IBuilderConfig
- tensorrt.QuantizationFlag
List of valid flags for quantizing the network to int8.
Members:
CALIBRATE_BEFORE_FUSION : Run int8 calibration pass before layer fusion. Only valid for IInt8LegacyCalibrator and IInt8EntropyCalibrator. We always run int8 calibration pass before layer fusion for IInt8MinMaxCalibrator and IInt8EntropyCalibrator2. Disabled by default.
- tensorrt.DeviceType
Device types that TensorRT can execute on
Members:
GPU : GPU device
DLA : DLA core
- tensorrt.ProfilingVerbosity
Profiling verbosity in NVTX annotations and the engine inspector
Members:
LAYER_NAMES_ONLY : Print only the layer names. This is the default setting.
DETAILED : Print detailed layer information including layer names and layer parameters.
NONE : Do not print any layer information.
DEFAULT : DEPRECATED. Same as LAYER_NAMES_ONLY.
VERBOSE : DEPRECATED. Same as DETAILED.
- tensorrt.TacticSource
Tactic sources that can provide tactics for TensorRT.
Members:
- CUBLAS :
Enables cuBLAS tactics. NOTE: Disabling this value will cause the cublas handle passed to plugins in attachToContext to be null.
- CUBLAS_LT :
Enables cuBLAS LT tactics
- CUDNN :
Enables cuDNN tactics
- tensorrt.EngineCapability
- List of supported engine capability flows.
The EngineCapability determines the restrictions of a network during build time and what runtime it targets. When BuilderFlag::kSAFETY_SCOPE is not set (by default), EngineCapability.STANDARD does not provide any restrictions on functionality and the resulting serialized engine can be executed with TensorRT’s standard runtime APIs in the nvinfer1 namespace. EngineCapability.SAFETY provides a restricted subset of network operations that are safety certified and the resulting serialized engine can be executed with TensorRT’s safe runtime APIs in the nvinfer1::safe namespace. EngineCapability.DLA_STANDALONE provides a restricted subset of network operations that are DLA compatible and the resulting serialized engine can be executed using standalone DLA runtime APIs. See sampleNvmedia for an example of integrating NvMediaDLA APIs with TensorRT APIs.
Members:
DEFAULT : Deprecated: Unrestricted: TensorRT mode without any restrictions using TensorRT nvinfer1 APIs.
SAFE_GPU : Deprecated: Safety-restricted: TensorRT mode for GPU devices using TensorRT safety APIs. See safety documentation for list of supported layers and formats.
SAFE_DLA : Deprecated: DLA-restricted: TensorRT mode for DLA devices using NvMediaDLA APIs. Only FP16 and Int8 modes are supported.

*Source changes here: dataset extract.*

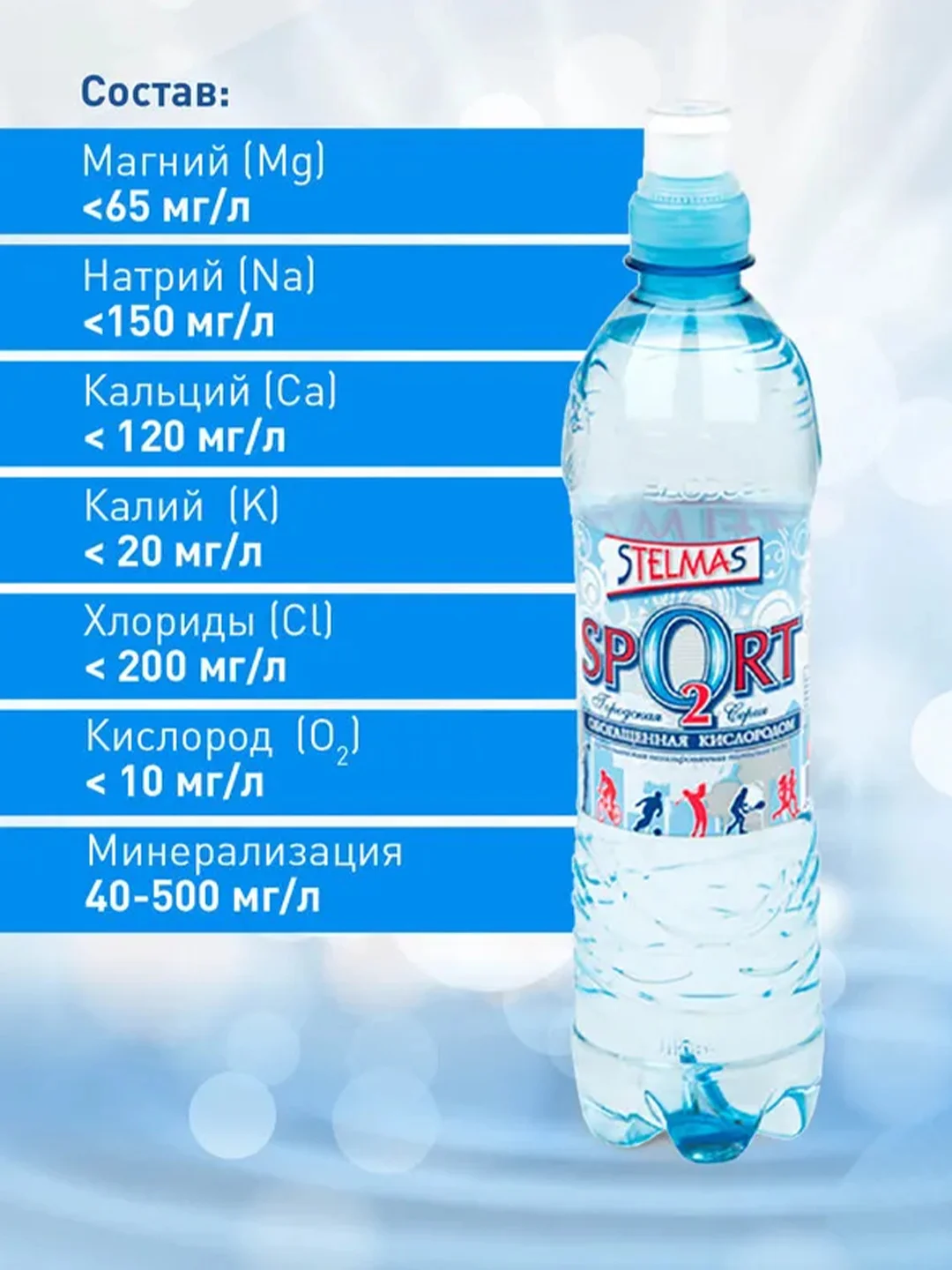 Вода питьевая "СТЭЛМАС "О2" sport негазированная 0,6л ПЭТ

STANDARD : Standard: TensorRT flow without targeting the standard runtime. This flow supports both DeviceType::kGPU and DeviceType::kDLA.
SAFETY : Safety: TensorRT flow with restrictions targeting the safety runtime. See safety documentation for list of supported layers and formats. This flow supports only DeviceType::kGPU.

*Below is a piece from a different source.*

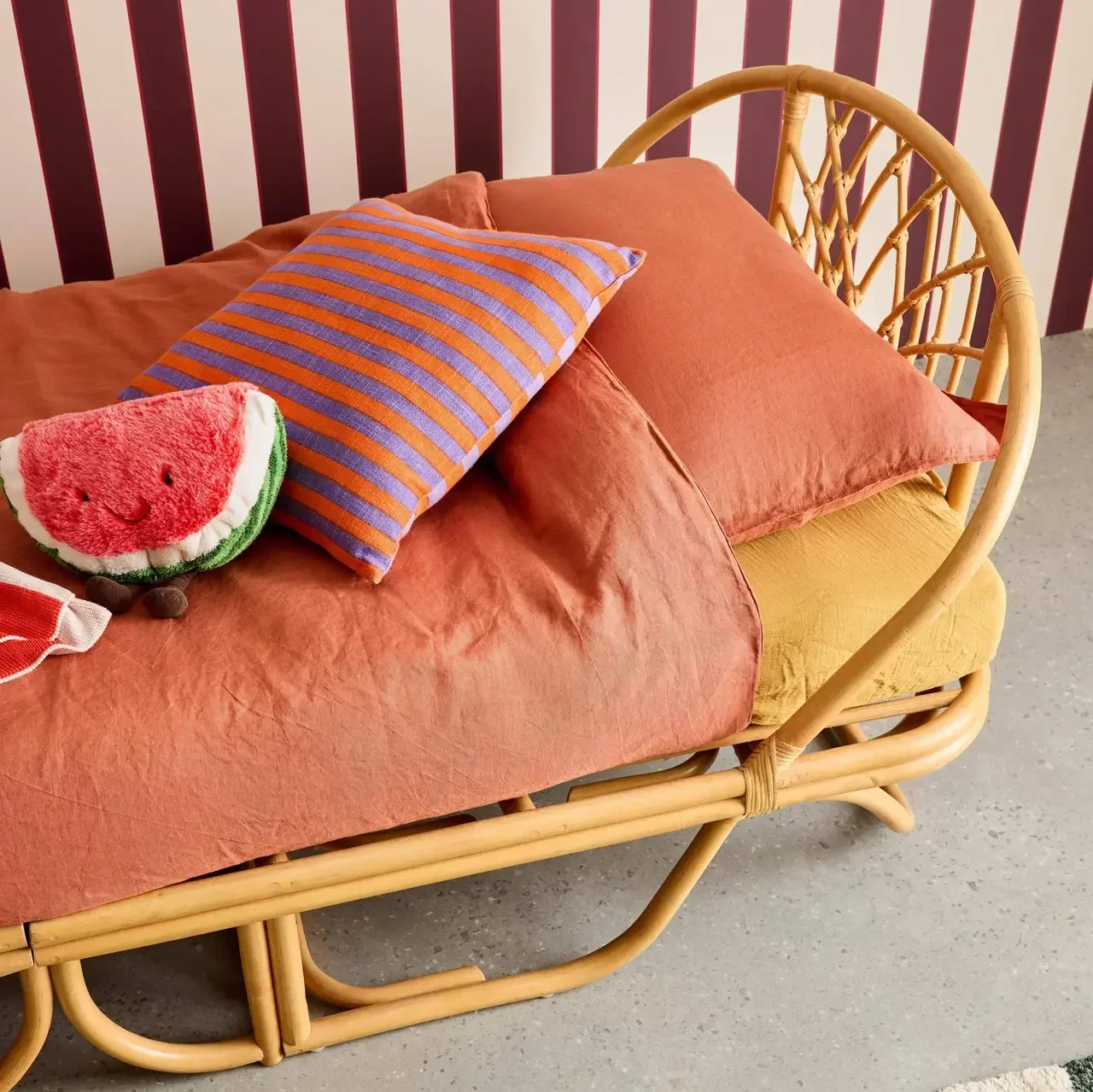 Lit junior rotin naturel 90x190 cm style tropical Arlo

DLA_STANDALONE : DLA Standalone: TensorRT flow with restrictions targeting external, to TensorRT, DLA runtimes. See DLA documentation for list of supported layers and formats. This flow supports only DeviceType::kDLA.
- tensorrt.BuilderFlag
Valid modes that the builder can enable when creating an engine from a network definition.
Members:
FP16 : Enable FP16 layer selection
INT8 : Enable Int8 layer selection
DEBUG : Enable debugging of layers via synchronizing after every layer
GPU_FALLBACK : Enable layers marked to execute on GPU if layer cannot execute on DLA
STRICT_TYPES : Deprecated: Enables strict type constraints. Equivalent to setting PREFER_PRECISION_CONSTRAINTS, DIRECT_IO, and REJECT_EMPTY_ALGORITHMS.

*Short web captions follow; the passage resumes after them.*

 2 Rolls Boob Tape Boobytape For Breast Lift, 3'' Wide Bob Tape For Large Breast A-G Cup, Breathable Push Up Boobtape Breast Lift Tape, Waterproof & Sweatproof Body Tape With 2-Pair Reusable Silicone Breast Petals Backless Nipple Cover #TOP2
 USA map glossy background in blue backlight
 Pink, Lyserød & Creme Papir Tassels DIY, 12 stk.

REFIT : Enable building a refittable engine
DISABLE_TIMING_CACHE : Disable reuse of timing information across identical layers.
TF32 : Allow (but not require) computations on tensors of type DataType.FLOAT to use TF32. TF32 computes inner products by rounding the inputs to 10-bit mantissas before multiplying, but accumulates the sum using 23-bit mantissas. Enabled by default.
SPARSE_WEIGHTS : Allow the builder to examine weights and use optimized functions when weights have suitable sparsity.
SAFETY_SCOPE : Change the allowed parameters in the EngineCapability.STANDARD flow to match the restrictions that EngineCapability.SAFETY check against for DeviceType.GPU and EngineCapability.DLA_STANDALONE check against the DeviceType.DLA case. This flag is forced to true if EngineCapability.SAFETY at build time if it is unset.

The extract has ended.